Le recrutement des enseignants se fait après avoir réussi les épreuves écrites et orales. Il s’agit d’un vrai filtre pour le recrutement des enseignants qui ont le même droit que les fonctionnaires du ministère. Ce sont, d’ailleurs, des fonctionnaires de l’académie. Sur l’ensemble des 35.000 enseignants recrutés dans le cadre de ce système qui exercent actuellement, deux ont été renvoyés par deux académies. C’est très peu par rapport aux cas du manquement aux obligations professionnelles enregistrés au niveau du ministère chaque année. La plupart des enseignants du premier et second groupe ont déjà travaillé dans le secteur privé ou dans l’éducation non formelle et d’autres secteurs. Leurs résultats sont satisfaisants. Ils sont encadrés par des inspecteurs et des superviseurs pédagogiques. Parfois, le niveau des étudiants dans certaines matières comme le français et les mathématiques laisse à désirer. La maîtrise de la langue française est préoccupante. Mais, ce constat n’est pas à généraliser. Il faut un suivi quotidien et un encadrement. Ces enseignants ont besoin de formation. Cette fois-ci, le troisième groupe vient de regagner les centres pour une formation qui va durer jusqu’au mois d’août. Les nouvelles recrues seront en stage de la rentrée scolaire jusqu’à décembre. Je suis optimiste à ce niveau-là. Nous aspirons aussi à mettre en place la contractualisation pour les métiers de gestion dans les établissements scolaires. Nous avons besoins de postes de recrutements dans les académies pour combler les lacunes.

Le marché relatif au gardiennage que vous aviez lancé a été soulevé au parlement. Faut-il opter pour le moins disant ou le mieux disant ?
Le respect du code de travail est obligatoire pour l’ordonnateur et la société. Il faut prendre le moins disant mais tout en prenant en considération les charges dont le SMIG. Le marché d’il y a trois ans a suscité une polémique car l’académie de Rabat a retenu le mieux disant au lieu du moins disant. Mais, il est clair que c’est le mieux disant qui octroie le SMIG aux agents de sécurité recrutés. Au niveau de l’académie, les auxiliaires de gardiennage touche actuellement 2300 DH sur la base de l’ancien SMIG. Lors de l’adjudication du marché, un différend nous a opposé avec le contrôleur d’Etat. On a recouru à l’arbitrage. Le ministre des finances Mohammed Boussaid a ordonné le visa du marché car on a respecté le code du travail.

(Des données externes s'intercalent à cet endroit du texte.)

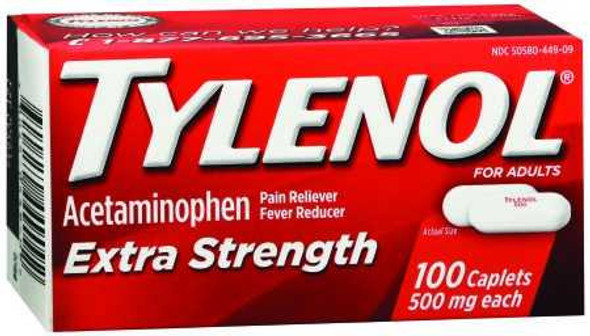 Pain Relief Tylenol 500 mg Strength Acetaminophen Caplet 100 per Box 30300450449093 Box/1 16-9706 Johnson & Johnson Consumer 701519_BX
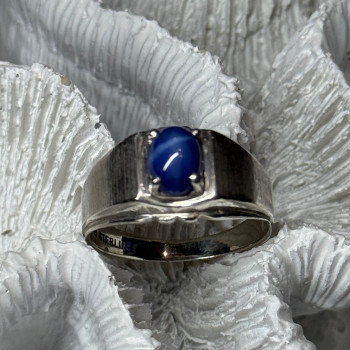 Men'S 925 Sterling Silver Star Sapphire Ring Size 10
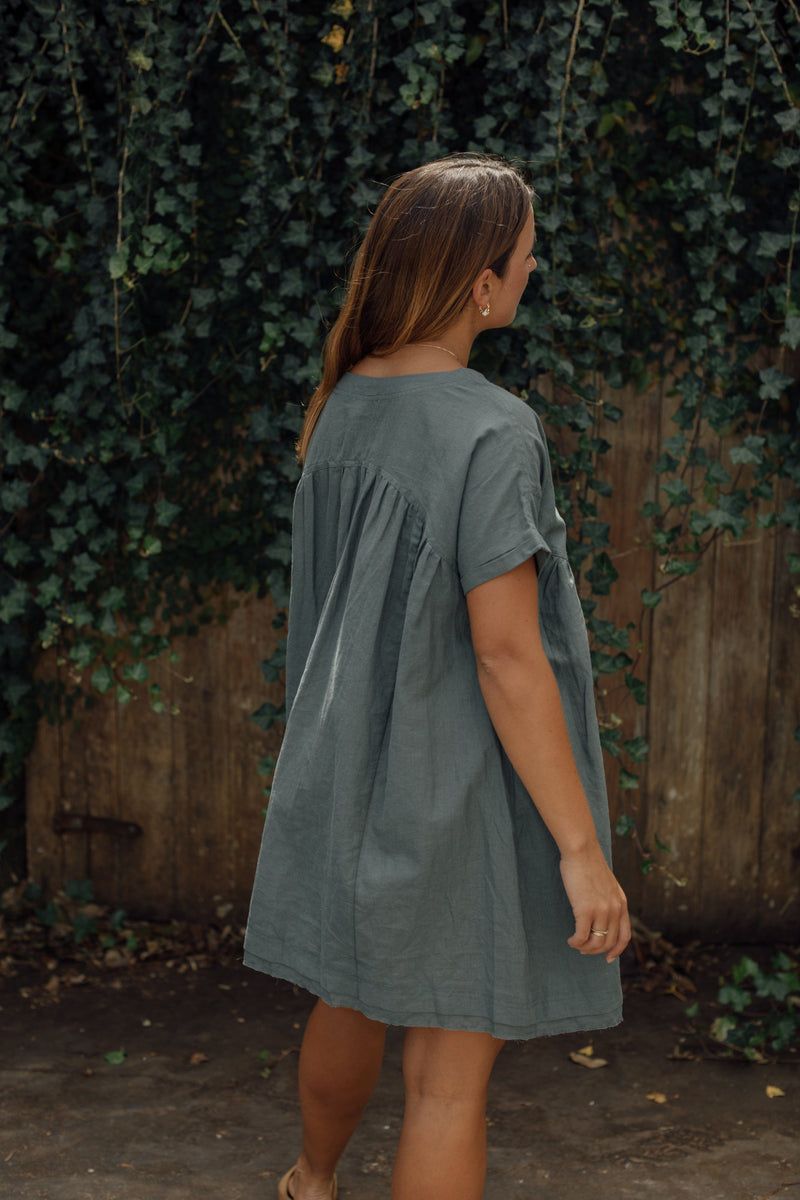 Hailey Dress - Dusty Teal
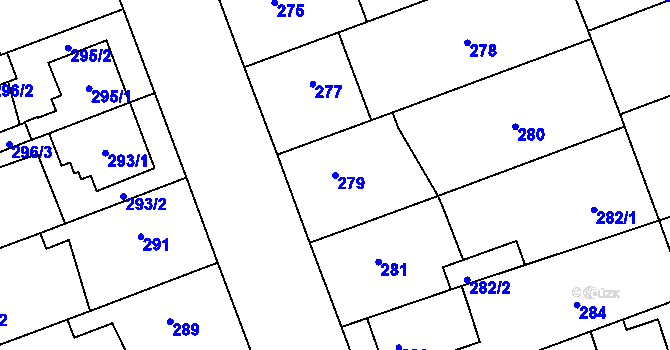 Parcela st. 279 v KÚ Uhříněves, Katastrální mapa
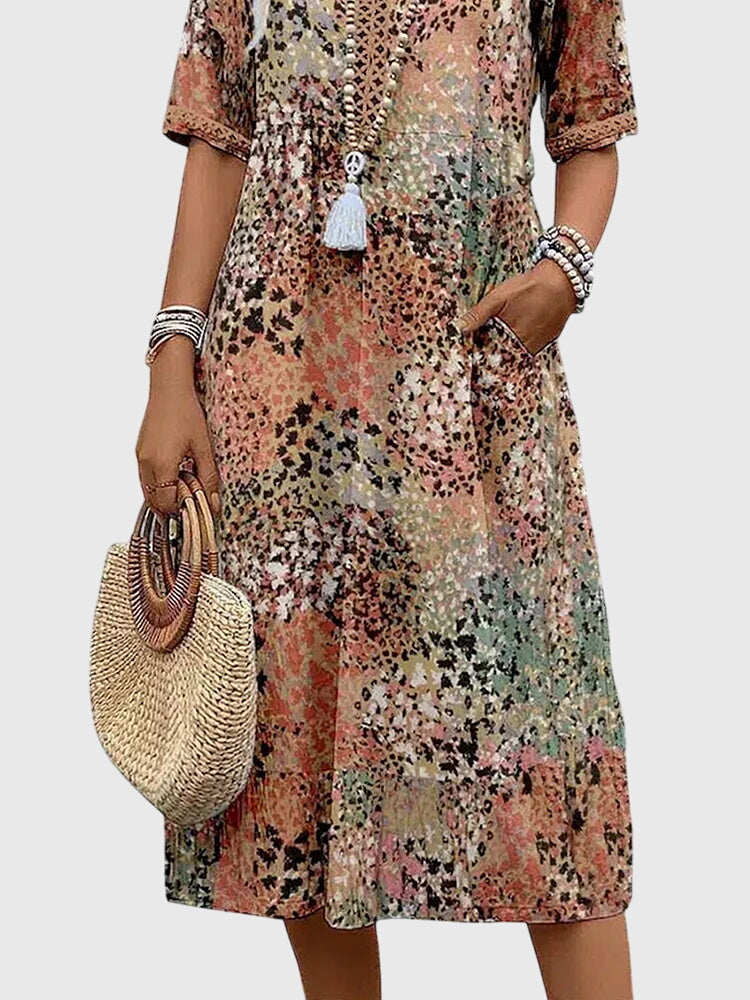 Bella | Elegantes Blumenkleid Midi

Qu’est ce qui a changé dans la gestion après la mise en place du nouveau cadre de régionalisation ?
La fusion entre académies est dictée par la nécessité d’adaptation au nouveau découpage régional. Nous sommes l’unique région qui a connu la fusion de deux régions. La mise en œuvre de la nouvelle configuration m’a permis de comprendre la profonde philosophie de la régionalisation qui tend à faire bénéficier les régions les moins développées de la richesse nationale. S’agissant de notre cas, l’ancienne région de Rabat était privilégiée car il s’agit de la capitale. Tous les indicateurs étaient élevés dans cette région contrairement à ceux du Gharb. Grâce à la fusion, les moyens ont été partagés. Rabat a tiré vers le haut l’ancienne région du Gharb dont le taux de réussite s’est amélioré. Plusieurs indicateurs ont été aussi boostés comme celui la lutte contre la déperdition scolaire. Certes, les indicateurs élevés de Rabat ont légèrement baissé. Mais, c’est une conséquence normale de la nouvelle configuration car il s’agit d’établir la moyenne de toute la région.